As introduced in the previous paragraphs, a central part of RISs is the generation, management, and distribution of the global simulation or world state. Usually many independent software components need to communicate and exchange data in these modern systems systems in order to generate this global state. These components and their corresponding performance within a RIS are governed by the functional as well as non-functional requirements of modern RIS development such as (realtime) performance, responsiveness, scalability, consistency and (re-)usability. It is very challenging to achieve these requirements within RIS development because they are usually asynchronous and use highly parallel software architectures in order to satisfy their performance requirements. Consequently, RIS development strives for reusable patterns and software architectures in order to increase the satisfaction of the above mentioned requirements, especially for massive amounts of RIS software components. In the past, the entity-component-system (ECS) approach has become a major design pattern used in modern architectures for RISs. This pattern strives for high reusability and architectural scalability.
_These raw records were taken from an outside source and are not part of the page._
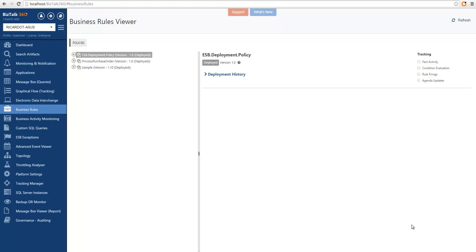In this video, you will learn the fundamentals of the Business Rule Viewer. We built the Business Rules Viewer in BizTalk 360 to enable you to understand which rules are deployed in BizTalk and how they can affect the execution of your system.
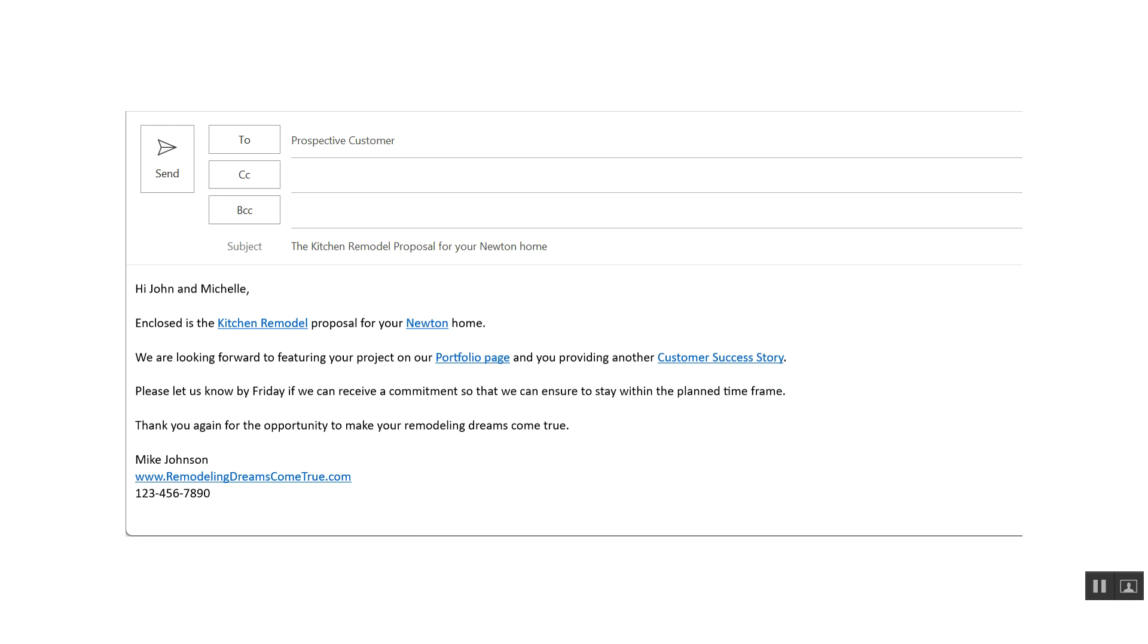and not just be ambiguous to when you're looking to follow up. Because as time goes by, expectations change. And then we end with simply thank you again for the opportunity to make your remodeling dreams come true. Mike Johnson, www.remodelingdreamscometrue.com with the phone number.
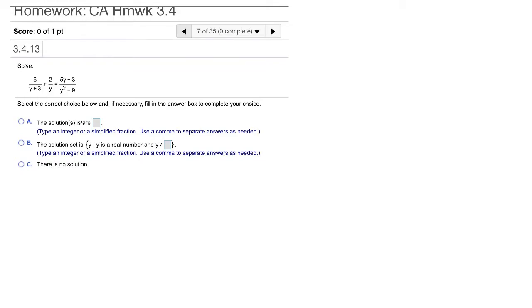Here we've got a slightly more complicated denominator, so finding the common denominator is a little more difficult. The idea is, if we've got a polynomial in a denominator, we factor those things as much as we possibly can.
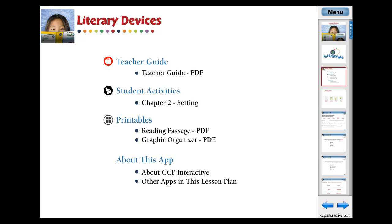For understanding the setting of literary devices, this chapter app provides curriculum-based content in the form of reading passages, before you read and after you read questions.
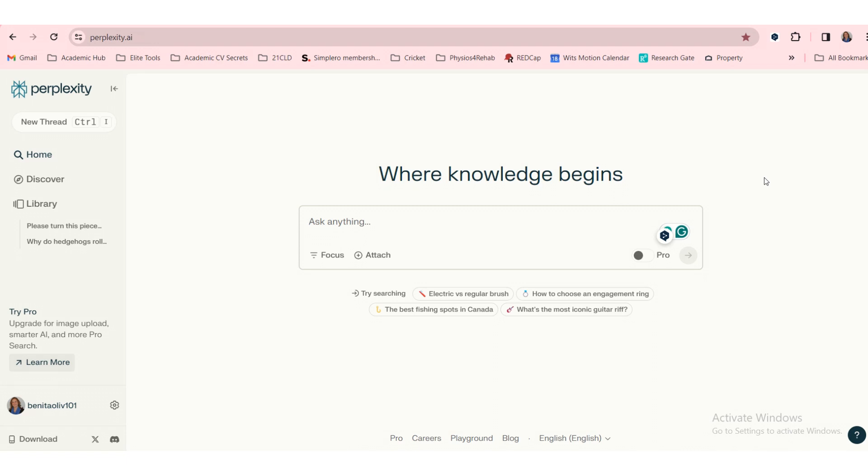Someone recently recommended that I try out Perplexity as opposed to ChatGPT or Google's Gemini, and I thought let's play around and see what it can give us.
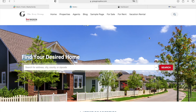I want to show you this WordPress website from one of our clients that we recently configured IDX to. I like this website very much — it has a lot of things that we offer for our clients and I think it's a great example to show you.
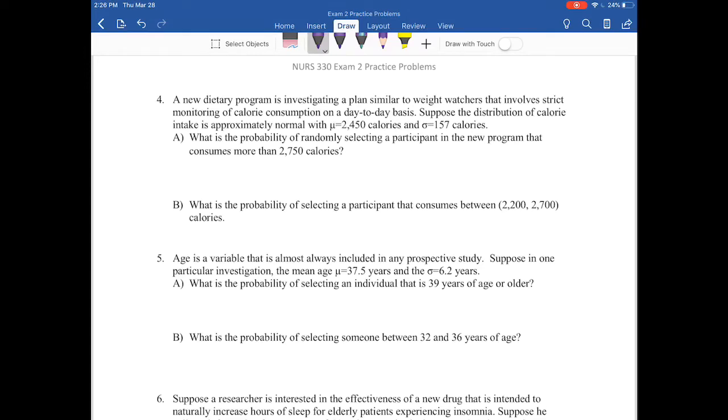Hello, welcome back to our part two of our exam two practice problems. We're going to go right into question number four.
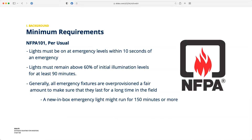That 90-minute requirement is the mandatory minimum run time throughout the United States. One interesting factor: if you pull a traditional emergency light or an inverter out of the box and run it the first time, you'll notice the run time is actually a lot longer than 90 minutes. We over-provision the batteries because batteries are consumable devices that lose charge over time. Over-provisioning means you'll stay above that 60% illumination level for 90 minutes for a long time — 10, 15, 20 years.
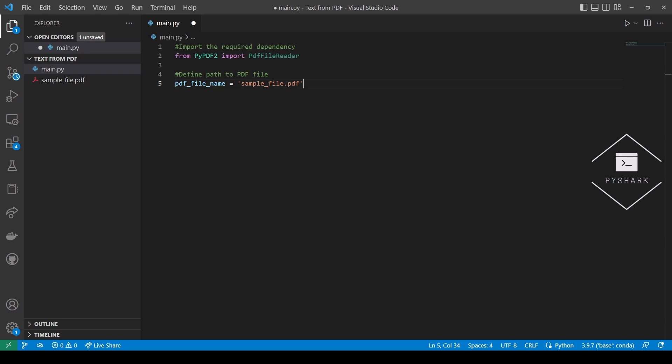Let's open the file in binary mode for reading. Since the file is located in the same folder as our main.py file with the code, the path to the file is simply the file name. Next let's open the file in binary mode for reading.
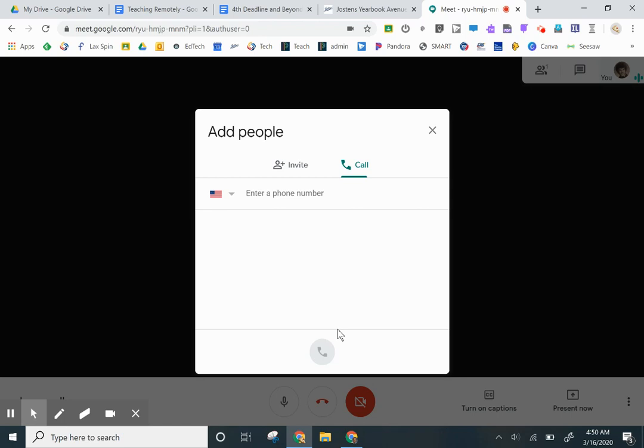The person on the other side will hear you're joining a call with one other person, and then after they hear that message, the conversation can begin.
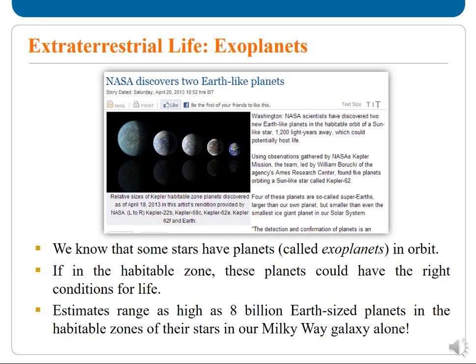Very recently, NASA has discovered two Earth-like planets. We know that some stars have planets called exoplanets in their orbit. If in the habitable zone, these planets could have the right conditions for life. Estimates range as high as 8 billion Earth-sized planets in the habitable zone of their stars in our own Milky Way galaxy alone.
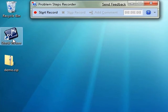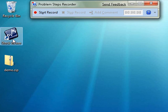The problem steps recorder lets the user actually save the steps taken to cause an issue, complete with screenshots of what happened in a compiled HTML file. The user can send the HTML file to the help desk by using email or file transfer within an instant messaging program.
The main idea of ECS is to decouple high-level modules such as physics, rendering or sound from the low-level objects with their corresponding data. Therefore, ECS introduces three software architectural objects: entities, components and systems. These are used to describe objects of a RIS via composition instead of object-oriented inheritance.
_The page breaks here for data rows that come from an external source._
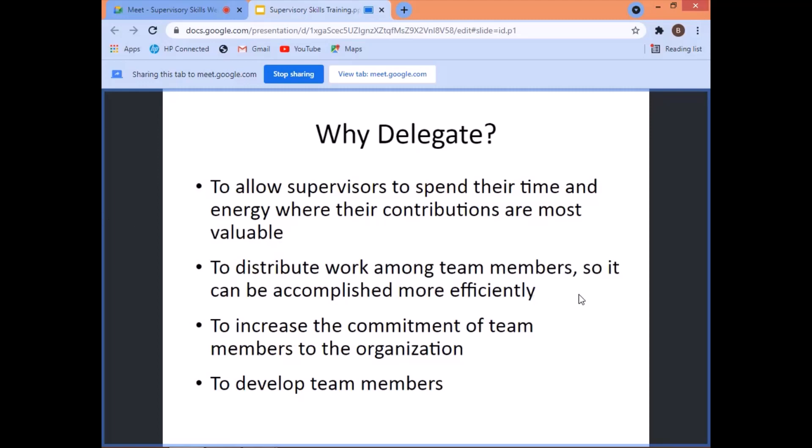To distribute work among team members so it can be accomplished more efficiently. In the job description, responsibilities are listed — number one, two, three, four — and then you delegate those out. You distribute evenly, equally. You have to have fair treatment, equity. That's why you need people under you and that's why you have an organizational structure. You analyze the job, and these are the jobs that need to be done, which is why you recruit and hire people.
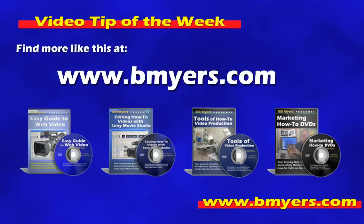I'm Bill Myers. This has been another one of my video tips of the week. You can find more like this at www.bmyers.com.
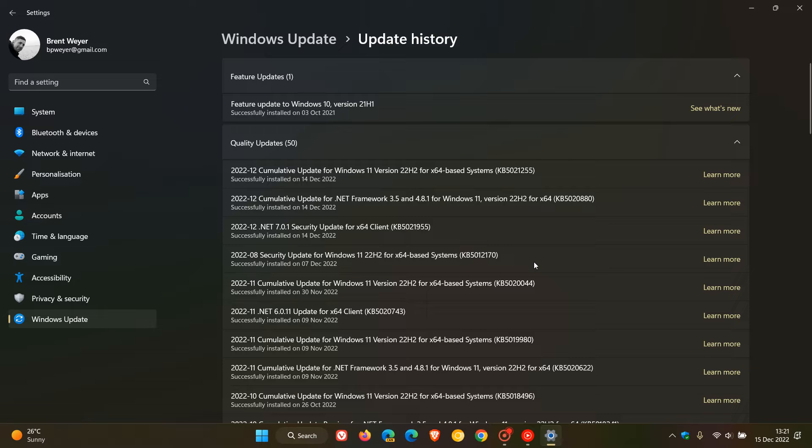It was originally released in August of 2022. Now, when the update originally rolled out in August, it was more known for the issues it caused than the issues it was trying to resolve, although it was an important security update.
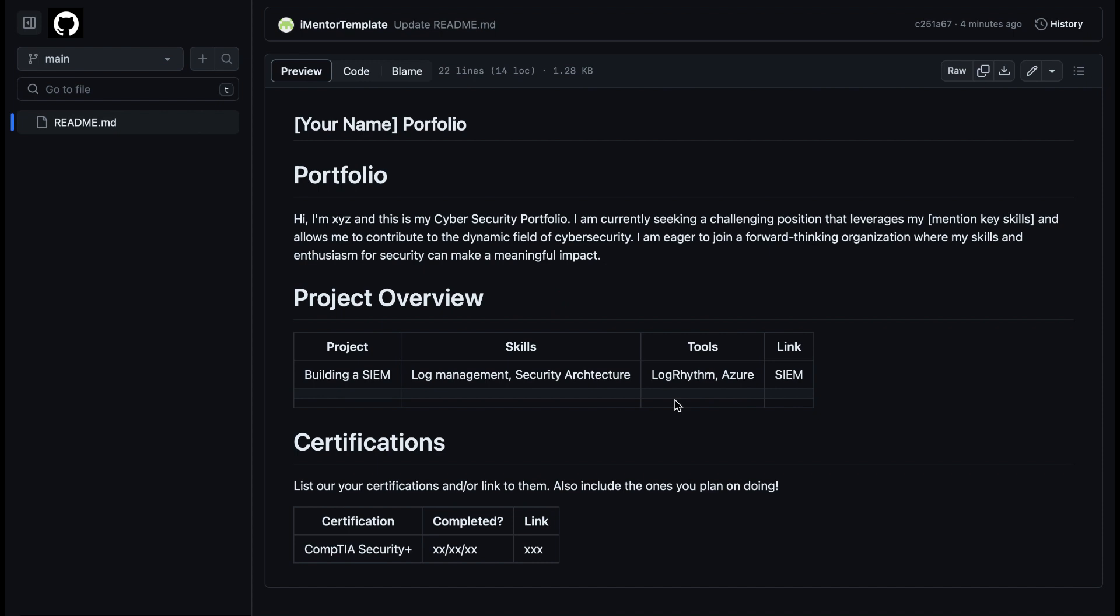After that, you will then lead into certifications. This is where you can list out all your certifications and even link to them. And if there is a situation where you don't have any certifications at the moment, you can also just list out ones that you plan on doing and why you plan on doing them. Don't forget, this is not your resume. It doesn't have to just be the things that you've completed. It's basically a portfolio to tell them about you. So list the ones that you plan on doing in the year coming ahead.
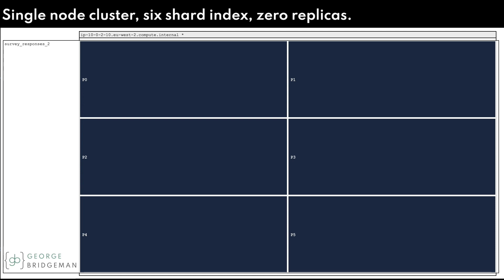I have a single node cluster containing one index called SurveyResponse2 which has six shards. I want to scale this up, so I'll add another node.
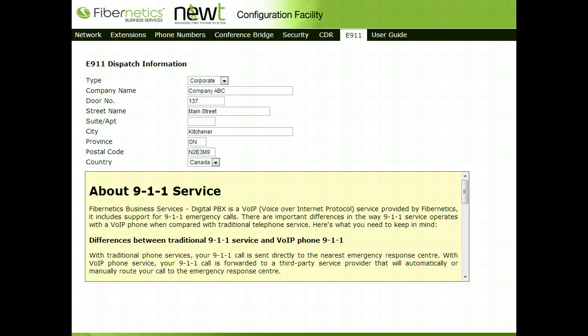The Configuration Facility is accessible by only the administrators of the system by entering their username and password. Once accessed, they can make changes to various items within their system.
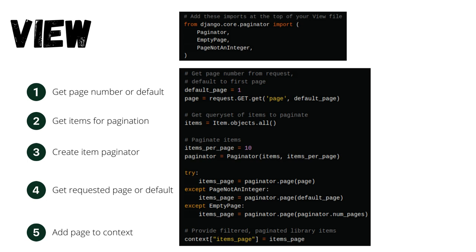Now we will get the page number with a default value. We'll get a query set of items for pagination. We'll initialize the paginator with the number of items per page.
Our contribution is an extension of the ECS pattern with our high performance wait-free hash maps with efficient memory management which reduces their memory consumption. Hence, our contribution allows non-locking read and write operations of systems, leading to a highly responsive low-latency data access while maintaining a consistent state even for structured components. Simultaneously, our contribution greatly reduces the memory footprint of our wait-free hash maps by introducing novel garbage collection techniques. Our novel approach is easy to implement and fits perfectly into the implementation of wait-free hash maps without altering the ECS pattern. Our approach therefore greatly benefits the overall RIS performance when using the ECS pattern for improved maintainability and re-usability. Even more, our approach is combined with the concept of model-driven engineering (MDE), namely domain specific languages (DSMLs).

Our TBCG approach: templates with all read and write operations are generated and the interface behavior is added manually.

We developed a DSML that is able to define platform-independent models for arbitary virtual testbed applications from which, via code generation, various platform-specific models can be generated. Our approach allows easy and quick modelling of our ECS pattern based wait-free hash map software infrastructure for virtual testbeds. This leads to efficient definition, implementation via code generation, and model checking of virtual testbeds.

Overview of our proposed approach. From a lightweight DSML, arbitrary domain-unrelated PIMs are defined which are used to generate the corresponding virtual testbed (PSM) with our proposed SBO methodologies.


Timings for a read and write access. In both scenarios, our KVPool outperforms the state-of-the-art significantly for an increasing number of software components.
Performance comparison of core and aggregate queries of the GraphPool and (in-memory) relational databases. Our approach outperforms the state-of-the-art for single-component (left) and multi-component (right) scenarios.